»»
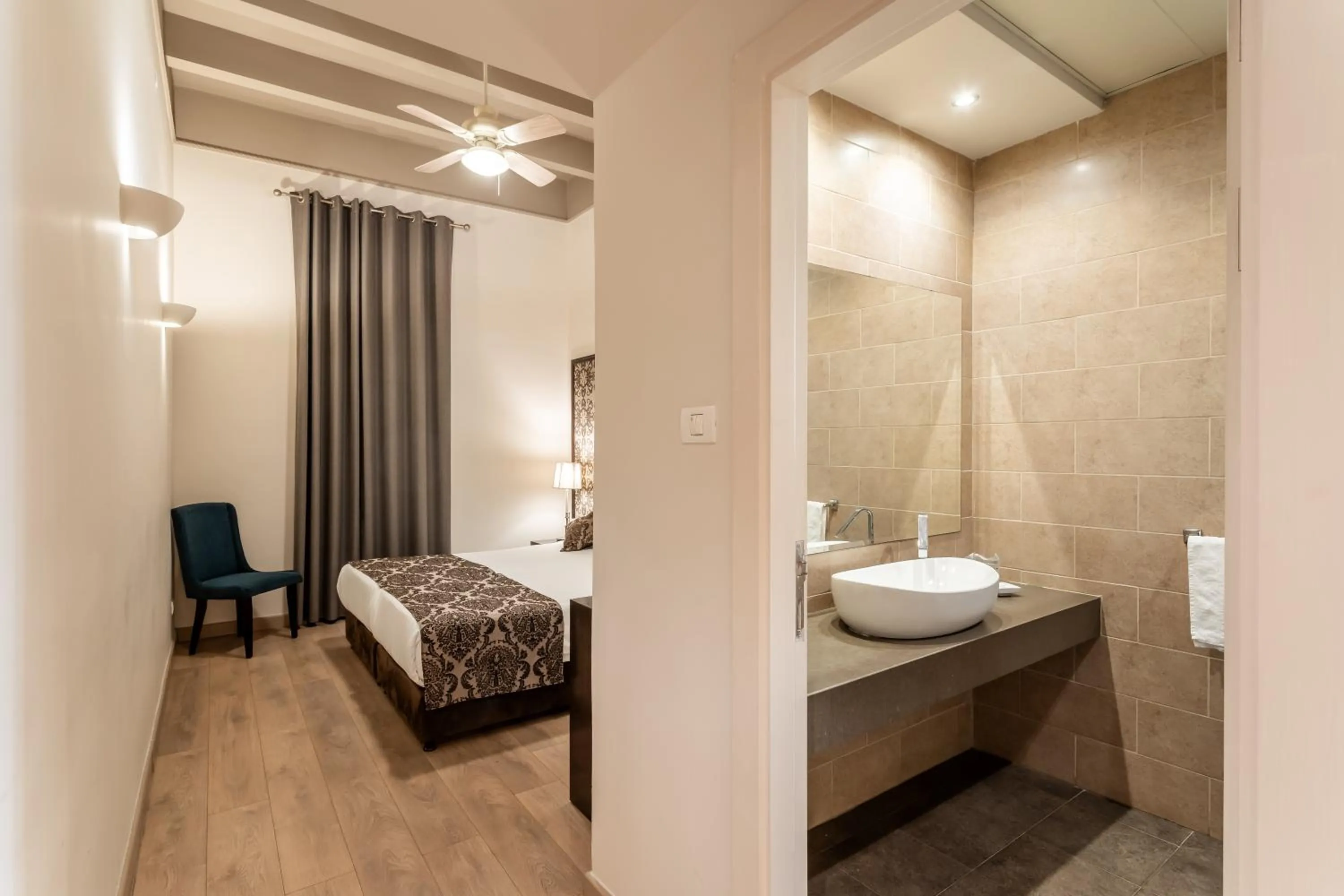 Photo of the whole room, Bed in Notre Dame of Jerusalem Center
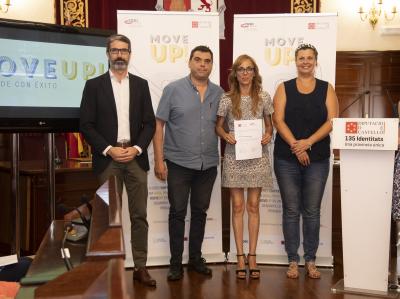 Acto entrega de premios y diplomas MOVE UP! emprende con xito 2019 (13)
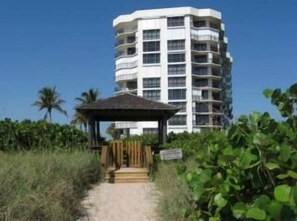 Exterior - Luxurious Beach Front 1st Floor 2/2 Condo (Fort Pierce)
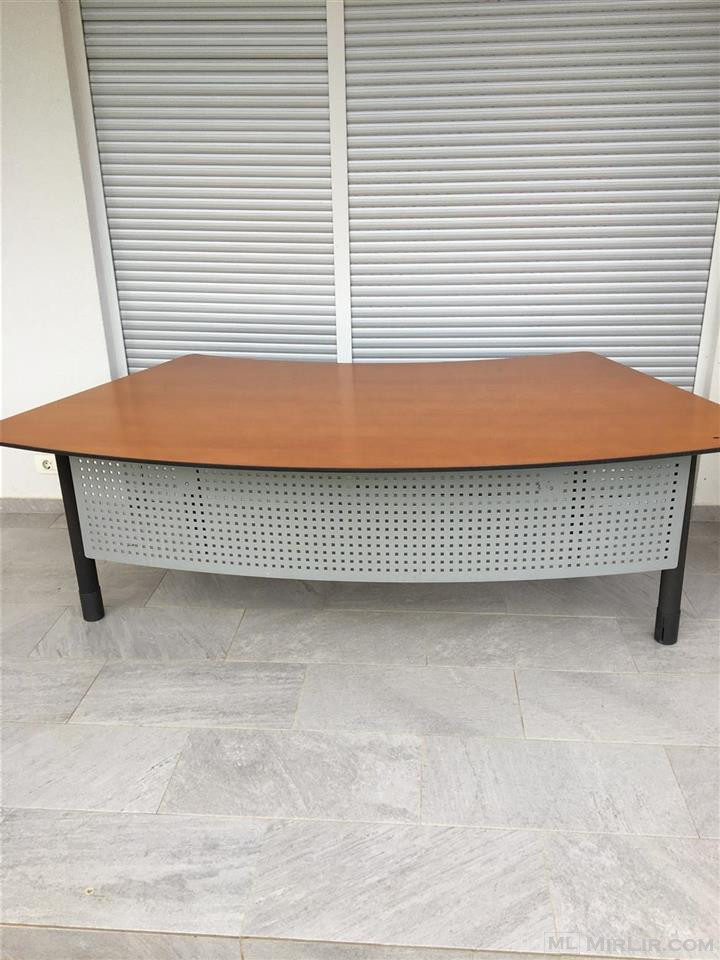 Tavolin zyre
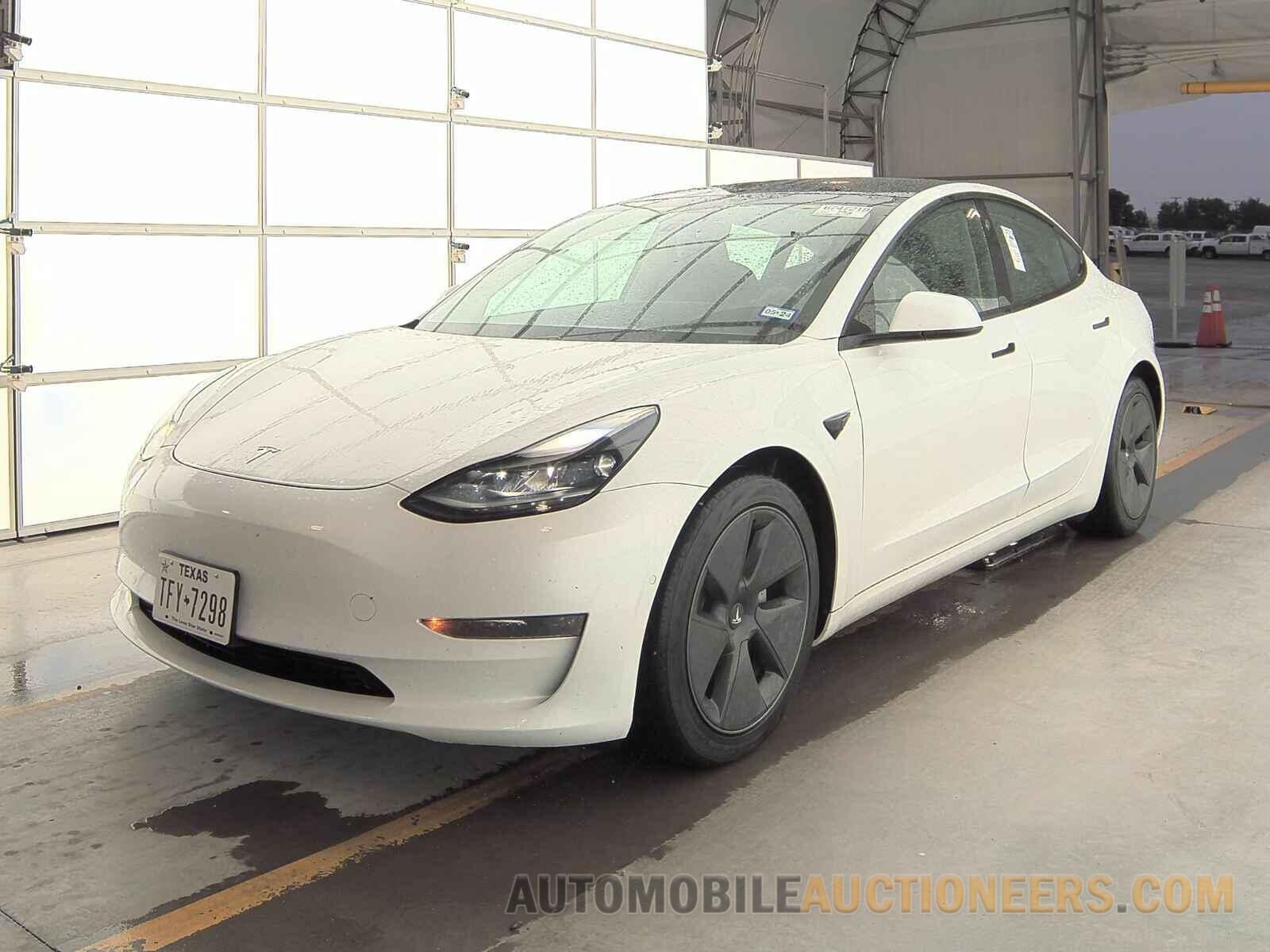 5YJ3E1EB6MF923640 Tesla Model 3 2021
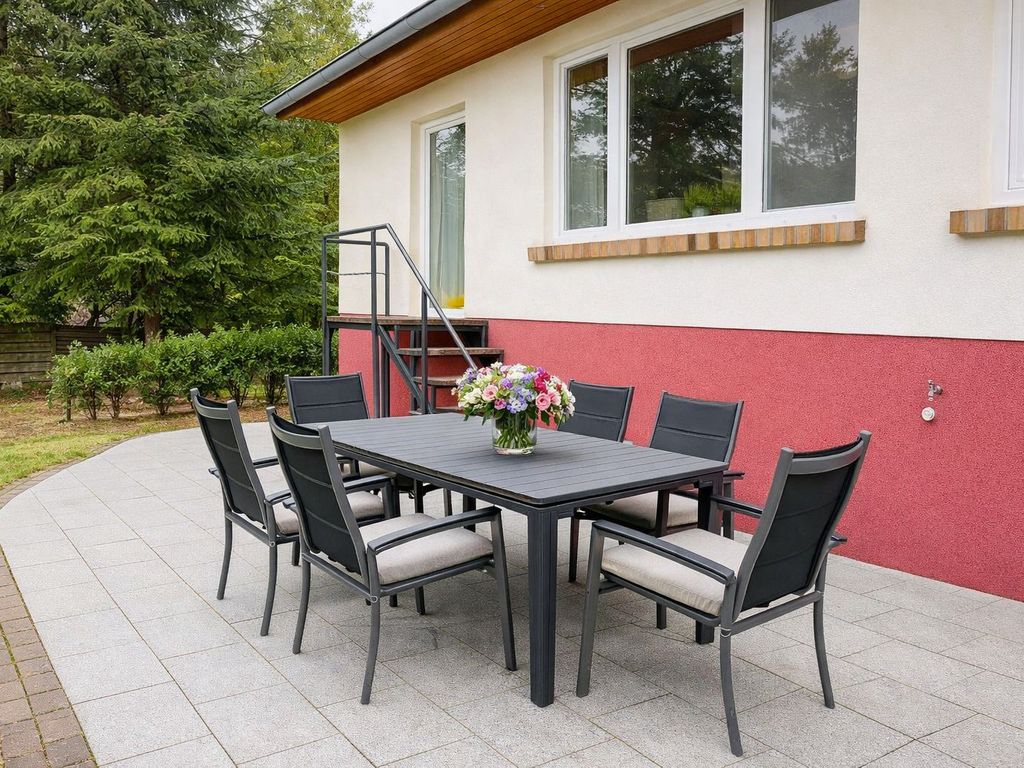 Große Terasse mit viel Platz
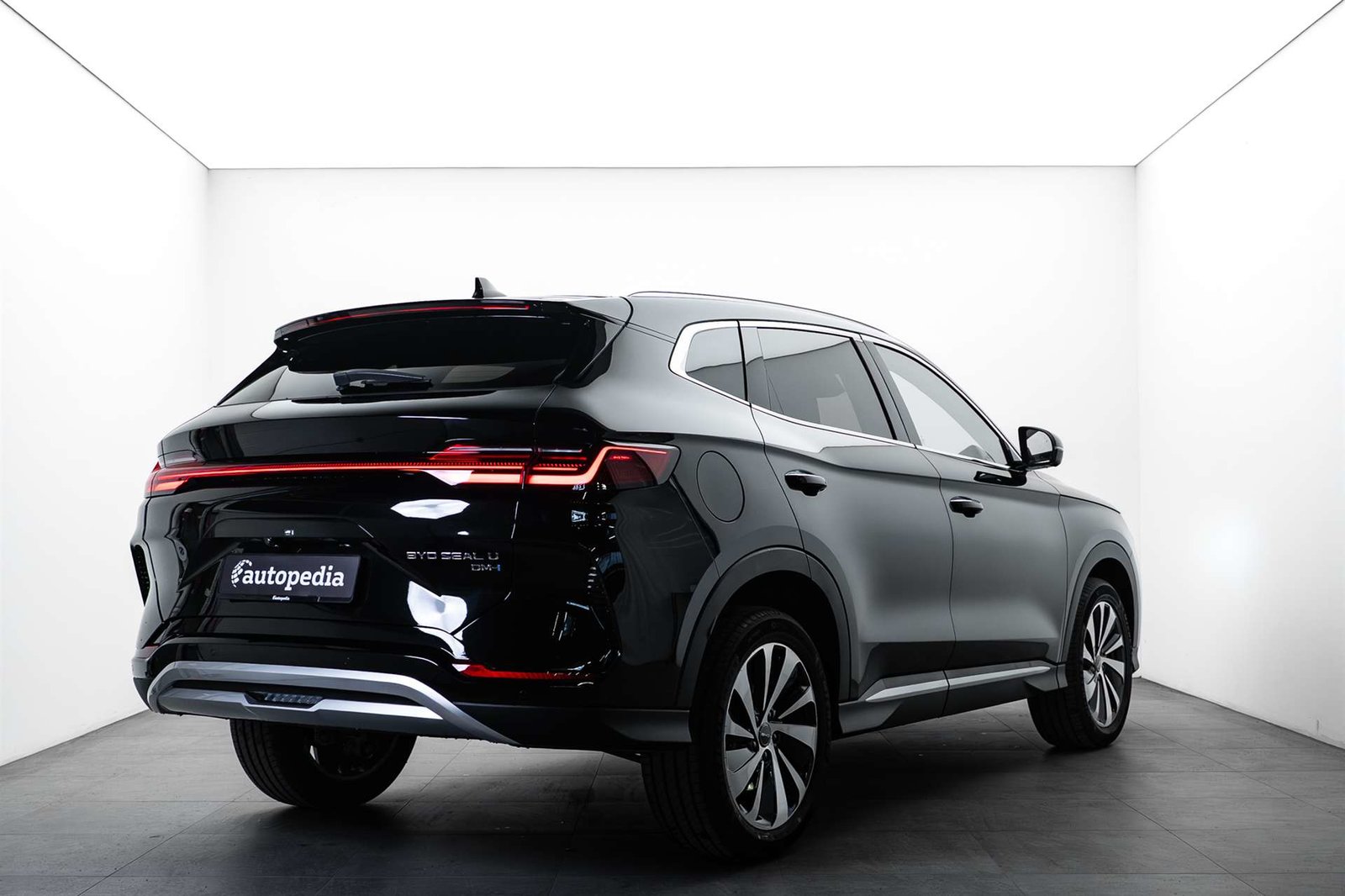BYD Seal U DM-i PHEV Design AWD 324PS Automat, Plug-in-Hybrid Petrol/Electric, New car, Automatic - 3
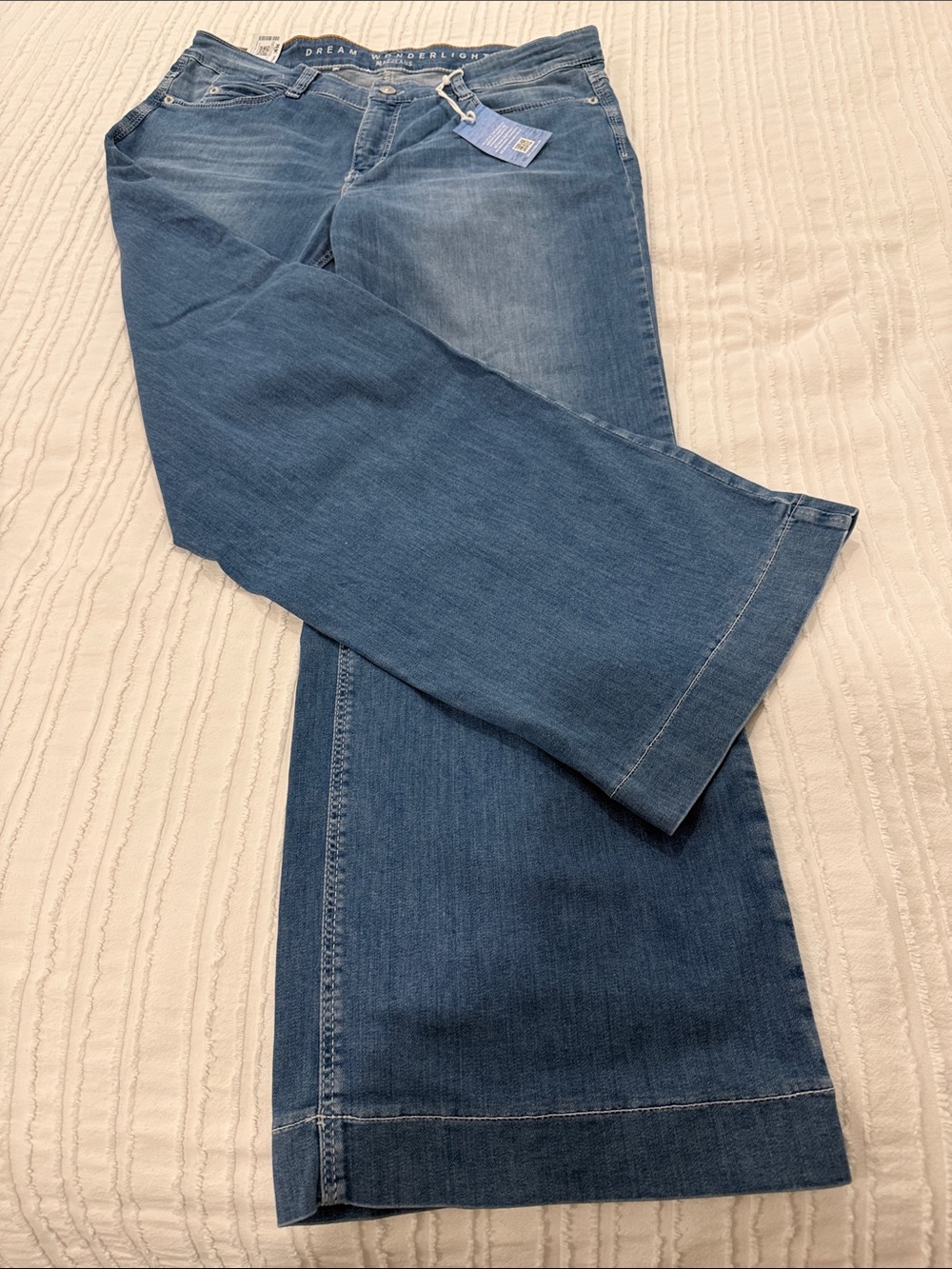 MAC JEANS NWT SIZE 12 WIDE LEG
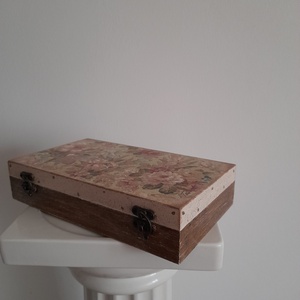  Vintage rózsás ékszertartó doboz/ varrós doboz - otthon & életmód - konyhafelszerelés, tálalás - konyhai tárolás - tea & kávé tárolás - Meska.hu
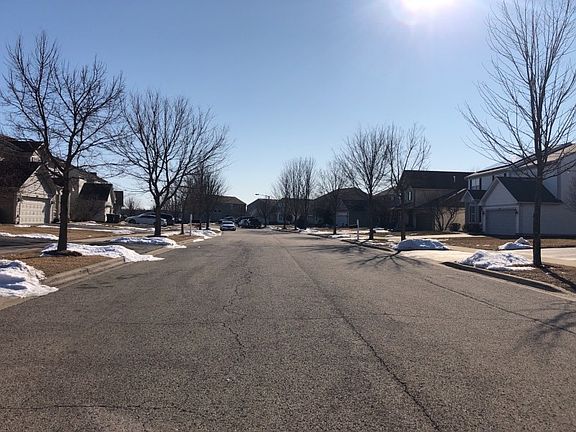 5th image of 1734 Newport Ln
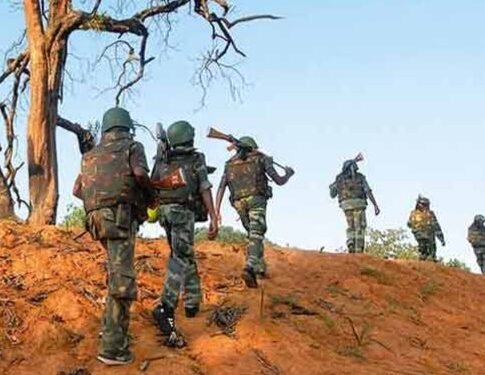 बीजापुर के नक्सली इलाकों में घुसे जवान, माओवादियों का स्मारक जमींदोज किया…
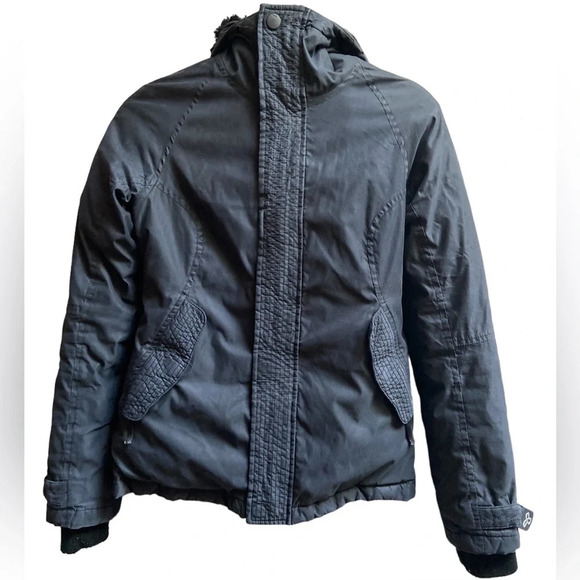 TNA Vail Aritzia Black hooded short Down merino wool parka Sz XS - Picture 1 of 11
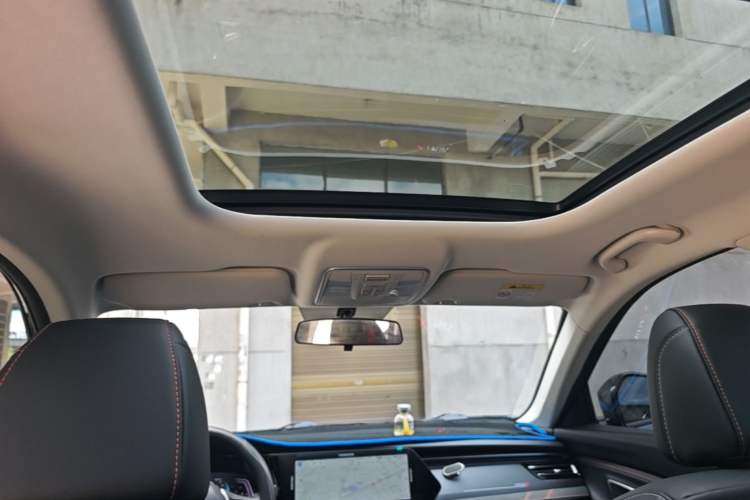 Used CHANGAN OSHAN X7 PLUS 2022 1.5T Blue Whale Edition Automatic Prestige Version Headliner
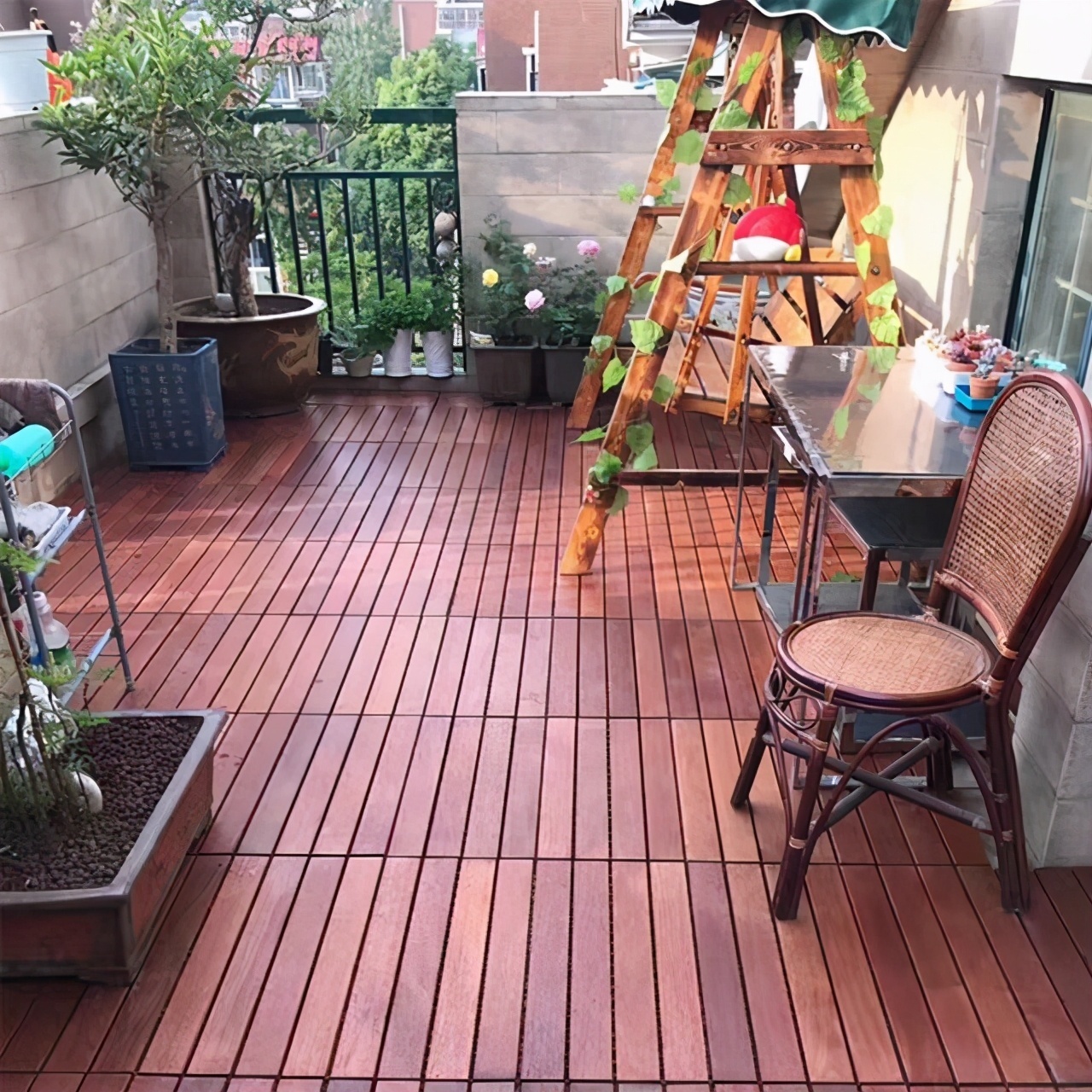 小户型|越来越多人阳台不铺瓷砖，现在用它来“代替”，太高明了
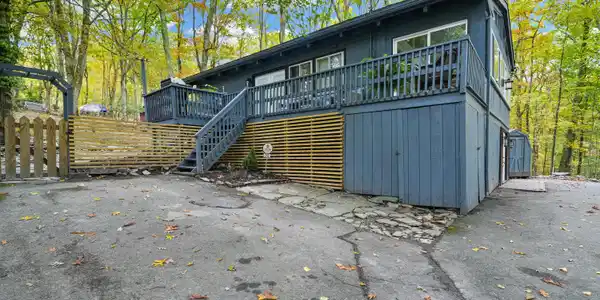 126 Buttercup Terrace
««
Write out exactly, and nothing more than, the lines of the entries above from the line containing "Used CHANGAN OSHAN" through the final line; omit any pictures.

— TASK RESPONSE —
 Used CHANGAN OSHAN X7 PLUS 2022 1.5T Blue Whale Edition Automatic Prestige Version Headliner
 小户型|越来越多人阳台不铺瓷砖，现在用它来“代替”，太高明了
 126 Buttercup Terrace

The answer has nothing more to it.